Browse Directory

A new Luk at Chow

THINGS don't get more multicultural than Chui Lee Luk's new Chow Bar & Eating House in Sydney's Surry Hills.

"We've got Thai, Taiwanese, Cantonese, Hakka and Aussie chefs in the kitchen," says Luk, who closed long-running fine-dining restaurant Claude's in Paddington after 10 years to focus on the new venture (Claude's, meanwhile, has reopened as another Asian eatery, Red Rabbit).

Luk has cherry-picked a strong team, including restaurant manager Gavin Wright, previously at Tetsuya's, Pier and The Wine Library, head chef David Quinton (ex Flying Squirrel), sous chef Jun Chen (ex Claude's and Universal) and assistant manager Camille Baldassari (Claude's, La Brasserie).

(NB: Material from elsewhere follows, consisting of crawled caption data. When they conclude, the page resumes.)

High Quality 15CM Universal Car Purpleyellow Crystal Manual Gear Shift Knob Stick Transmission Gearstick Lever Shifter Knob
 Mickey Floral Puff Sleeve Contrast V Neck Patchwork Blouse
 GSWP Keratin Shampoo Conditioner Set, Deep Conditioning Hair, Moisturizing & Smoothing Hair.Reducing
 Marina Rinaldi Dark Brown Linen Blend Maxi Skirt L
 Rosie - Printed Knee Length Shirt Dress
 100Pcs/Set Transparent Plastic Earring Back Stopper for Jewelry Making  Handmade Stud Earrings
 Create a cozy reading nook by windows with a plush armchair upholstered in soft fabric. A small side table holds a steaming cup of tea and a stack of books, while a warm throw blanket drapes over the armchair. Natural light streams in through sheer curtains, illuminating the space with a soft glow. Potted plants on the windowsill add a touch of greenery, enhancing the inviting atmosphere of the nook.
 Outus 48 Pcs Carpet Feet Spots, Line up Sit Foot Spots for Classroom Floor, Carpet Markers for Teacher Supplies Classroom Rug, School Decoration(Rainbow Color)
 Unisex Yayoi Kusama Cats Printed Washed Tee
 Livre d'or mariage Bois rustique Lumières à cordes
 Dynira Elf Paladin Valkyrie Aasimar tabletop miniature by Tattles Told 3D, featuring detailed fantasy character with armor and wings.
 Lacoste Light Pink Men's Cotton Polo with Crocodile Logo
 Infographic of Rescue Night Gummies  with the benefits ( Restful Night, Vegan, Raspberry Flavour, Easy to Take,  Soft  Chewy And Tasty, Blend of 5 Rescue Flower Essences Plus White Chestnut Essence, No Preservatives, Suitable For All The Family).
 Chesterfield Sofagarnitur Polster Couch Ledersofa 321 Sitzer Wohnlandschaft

Chow is a hybrid bar/restaurant with a "Chinese pub"-style interior that draws on elements of the traditional English pub, Chinese restaurants, Asian street markets, hawker carts and gaming dens. Detective is glad the designers knew which aspects of the English pub and Chinese restaurant to incorporate - a new venture featuring smelly beer mats, flock wallpaper and ancient lazy Susans certainly wouldn't have cut the mustard in this cool reinterpretation of the old Bentley site on Crown Street.

Chui Lee Luk has swapped fine dining for fun.
Chui Lee Luk has swapped fine dining for fun with the Chow Bar & Eating House in Surry Hills, Sydney.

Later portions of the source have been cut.